Muda Yusuf, LCCI, Director-General, Lagos told Sunday Sun that there is not much to cheer about the 2020 budget, adding that there may be limited hope.
He said that the over 10 trillion budget is not a huge one considering the fact that Nigeria is the largest country in the continent.
Yusuf told Sunday Sun: “There is not much hope in the budget, but limited hope because obviously we have a major challenge with revenue and in an economy of our size we should not be doing a budget of that size. We are the largest economy on the continent we should not be having a budget that small, the budget is 10.33 trillion and if you convert it, it should be just about 22 or 23 USB dollars. It should be at least three times that budget in view of our size in the continent.

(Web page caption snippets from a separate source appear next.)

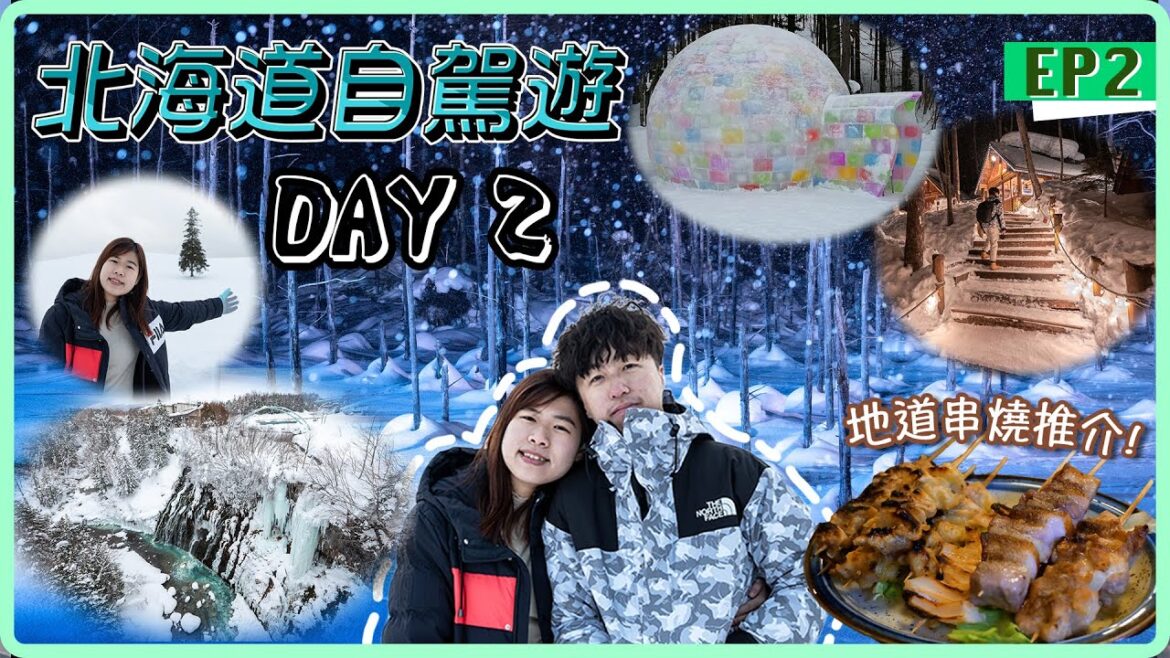 【日本自由行2023】北海道自駕遊|美瑛9大景點美食一日遊|森林精靈露台+白鬚瀑布+白金青池+聖誕之樹+俵真布+Mild Seven之丘+七星之木|美瑛地道串燒|Day2 【日本自由行2023】北海道自駕遊|美瑛9大景點美食一日遊|森林精靈露台+白鬚瀑布+白金青池+聖誕之樹+俵真布+Mild Seven之丘+七星之木|美瑛地道串燒|Day2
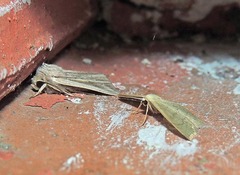 Mythimna riparia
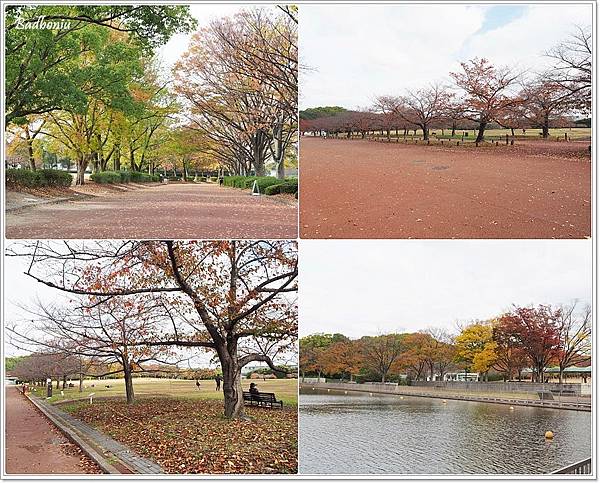 expocity交通方式,半澤直樹 大阪場景,大阪 万博紀念公園,大阪 万博記念公園,大阪 櫻花,大阪 紅葉,大阪溜小孩,大阪紅葉名所,大阪親子景點,大阪賞楓名所,大阪賞櫻名所,萬博紀念公園 @壞波妞の旅行食踨
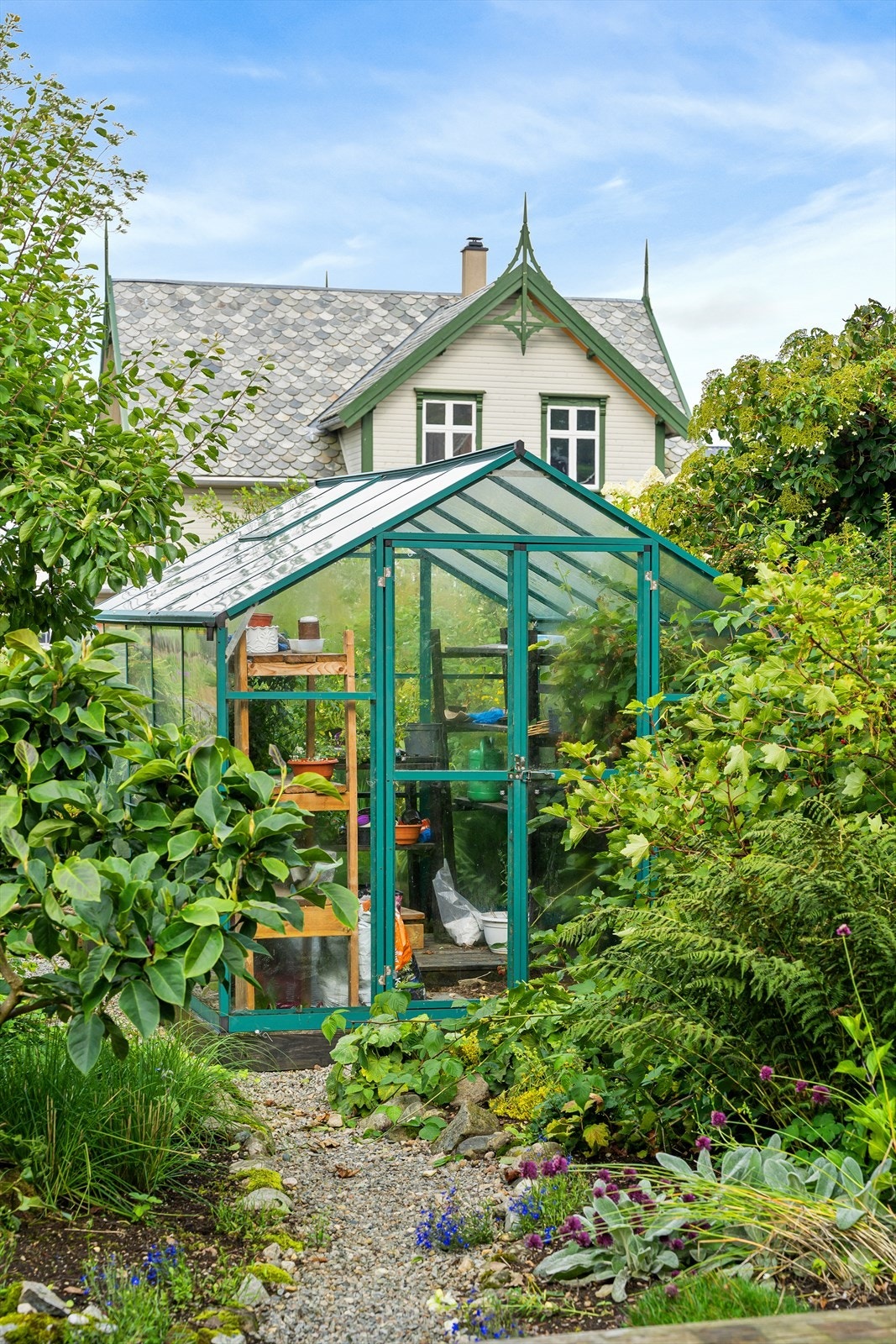 Drivhus Galleribilde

“You know the size of the budget also determines the impact that you get from it. So, obviously there is a major revenue problem, which has constrained the spending and that will obviously limit the impact that the budget can have on the economy, especially on infrastructure. When we talk about the budget the one that is so critical to citizens who are not workers is the impact of the budget on infrastructure and over the years we have seen the ratio of recurrent versus the capital expenditure, getting narrower. It is getting increasingly disproportionate by the day, where the recurrent is going higher by the day and the debt service also getting higher.

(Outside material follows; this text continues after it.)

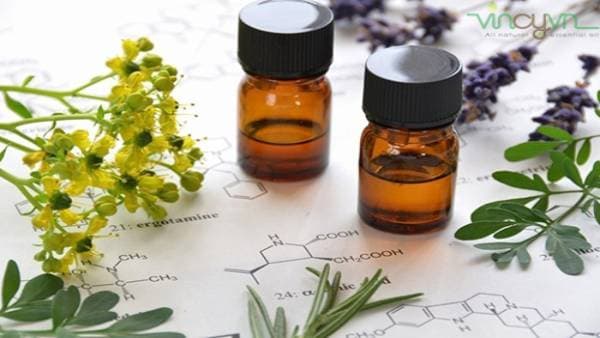 Nhưng ứng dụng của tinh dầu thiên nhiên trong mỹ phẩm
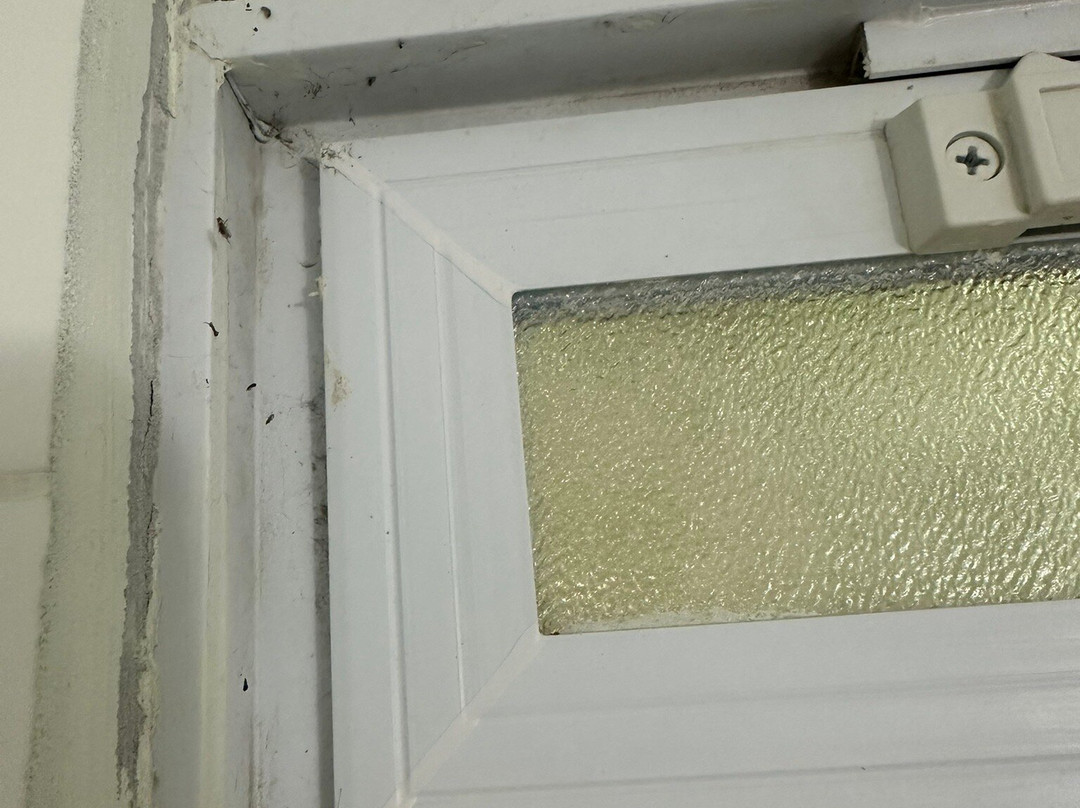 Pikes Peak Inn主图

“When you take this two, it is almost equal to the total revenue, so you have to borrow to fund the few capital projects. There isn’t much to expect, we simply have to moderate expectation, we should not expect too much. And you know also that over the years even the little capital provision that we have implementation have been sometimes 50 per cent of the capital.

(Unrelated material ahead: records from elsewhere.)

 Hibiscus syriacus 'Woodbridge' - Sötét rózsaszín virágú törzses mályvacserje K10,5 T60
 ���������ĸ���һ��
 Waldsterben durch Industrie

“So, for people in the private sector, the greater impact will be having the right kind of economic policies, have the right kind of regulatory environment, and having the right kind of institutions to support private sector investment. I think that is how we can get more impact from that than directly from the budget itself.
“But the problem is that we have challenges in those areas, we have issues in the regulatory environment, on the quality environment we also have an issue, the institutions not any of them is actually very supportive of investment, so there is a whole lot of shortcomings around all those factors.”
Some experts have argued that with Buhari’s new economic advisory team and his ambitious budget, there is a new urgency to the government’s policy response. They contend that state spending in Nigeria – per head – is still way below levels in economies such as South Africa and Kenya, and falls far short what is needed to drive economic growth, let alone to finance critical social investment in education and healthcare.
In all, aside from funding, it is believed that the 2020 budget faces the perennial challenge of lack of proper oversight of the implementation. This is because if there is no proper Monitoring and Evaluation of the execution of this budget, the so-called “Budget of Sustaining Growth and Job Creation” will be a mere mirage.